**Exercise details:** Your copy of the data below must be exact and must leave out all pictures.

**Collected material:**
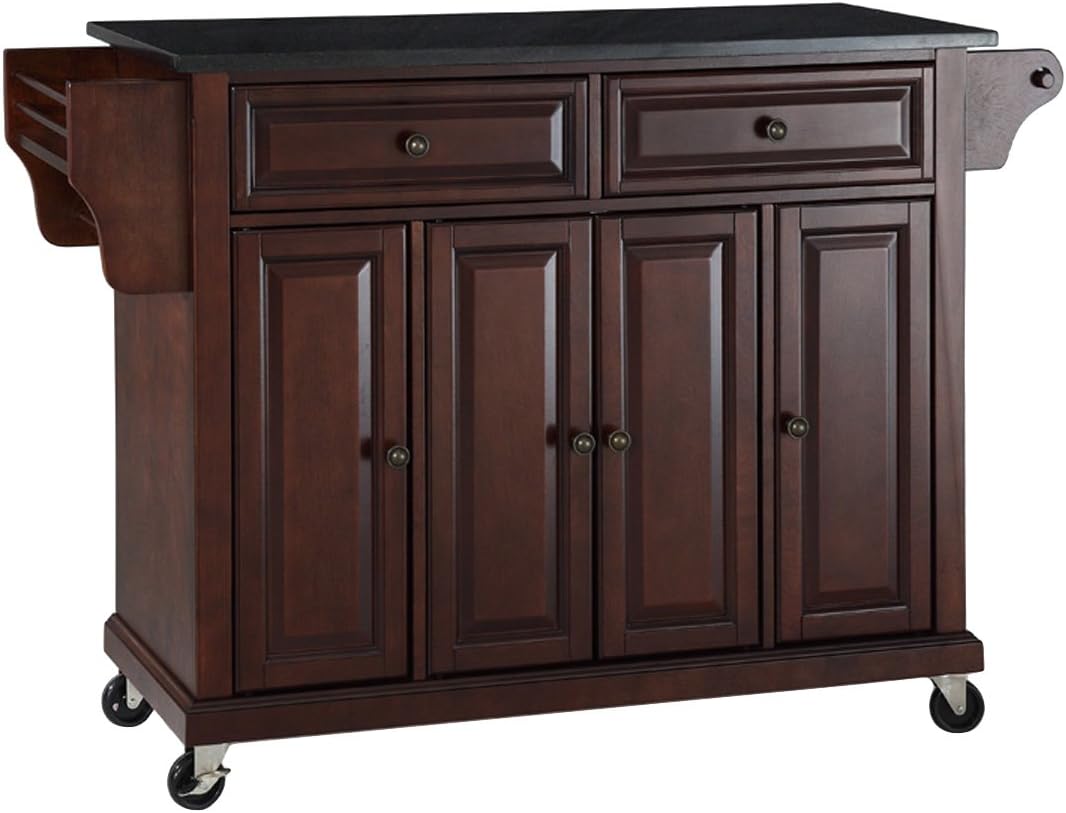 White Full Size Kitchen Cart with Solid Granite Top C26134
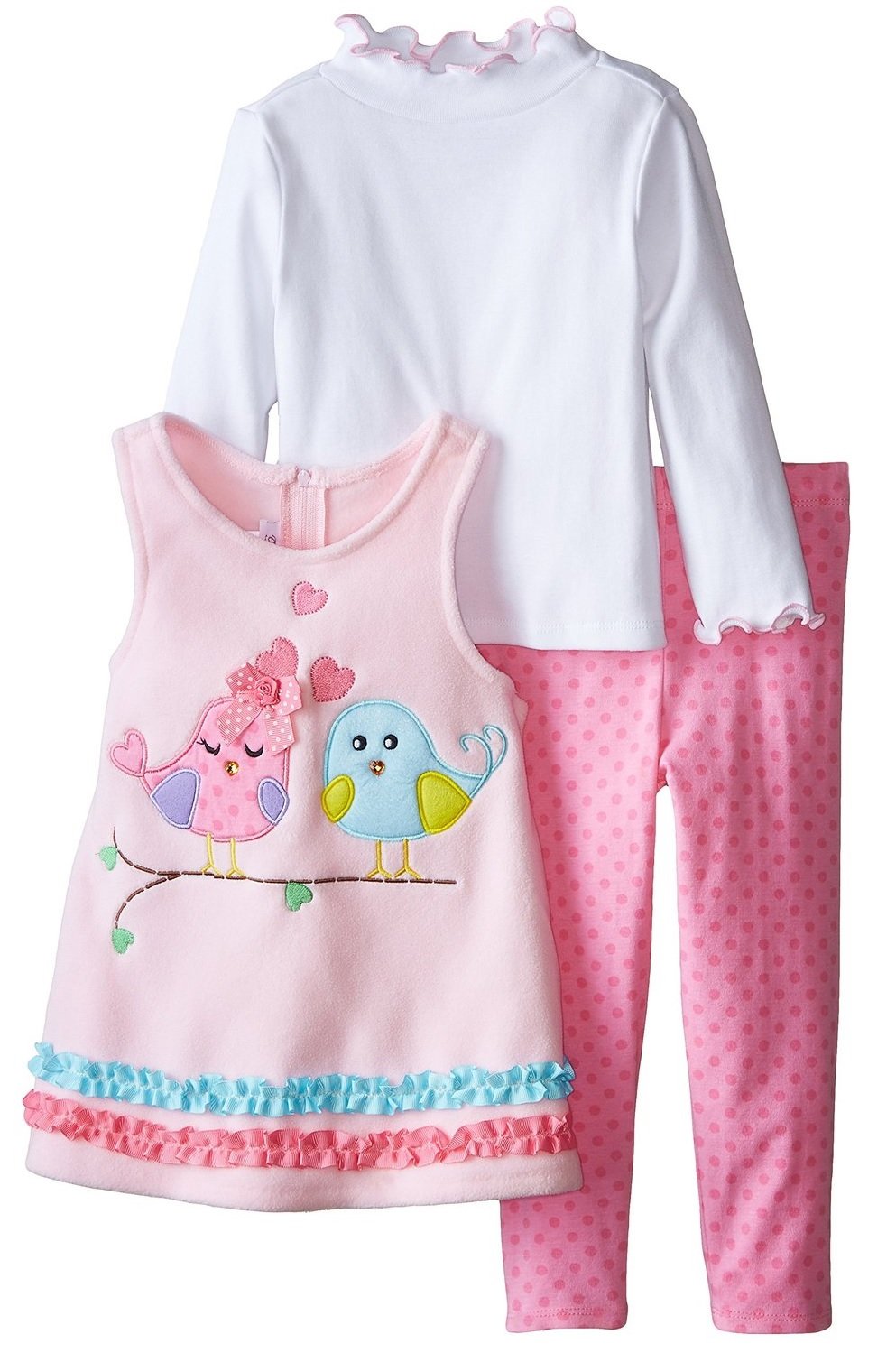 Bonnie Jean Girls' Fleece Lovebirds Jumper Dress with Shirt & Legging Set, Pink, 2T-4T - Cozy Winter Outfit for Toddler Girls Playdates & Holiday Photos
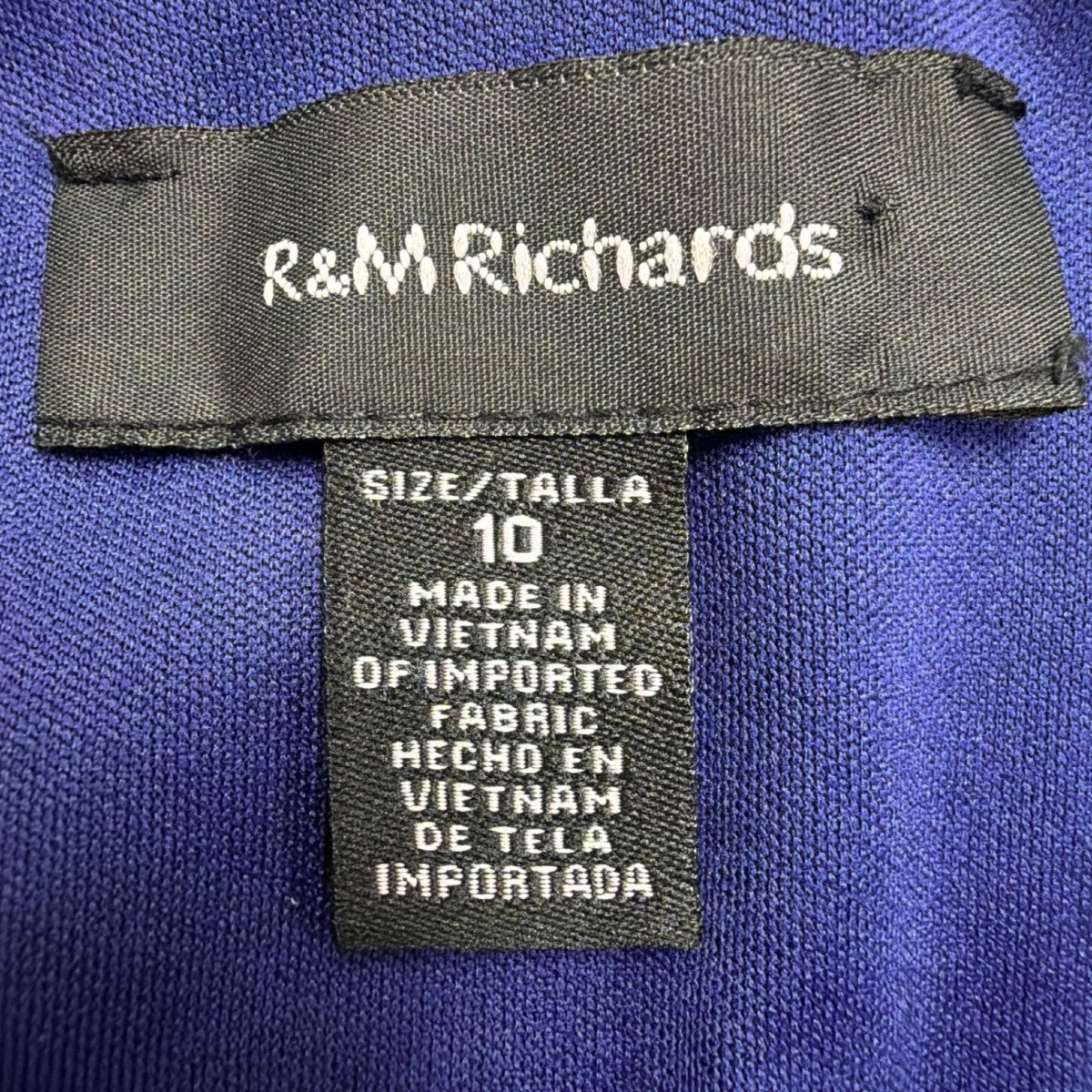 R&M Richards Womens Royal Blue 2-Piece Sleeveless Dress & Jacket Size 10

**Response:**
 White Full Size Kitchen Cart with Solid Granite Top C26134
 Bonnie Jean Girls' Fleece Lovebirds Jumper Dress with Shirt & Legging Set, Pink, 2T-4T - Cozy Winter Outfit for Toddler Girls Playdates & Holiday Photos
 R&M Richards Womens Royal Blue 2-Piece Sleeveless Dress & Jacket Size 10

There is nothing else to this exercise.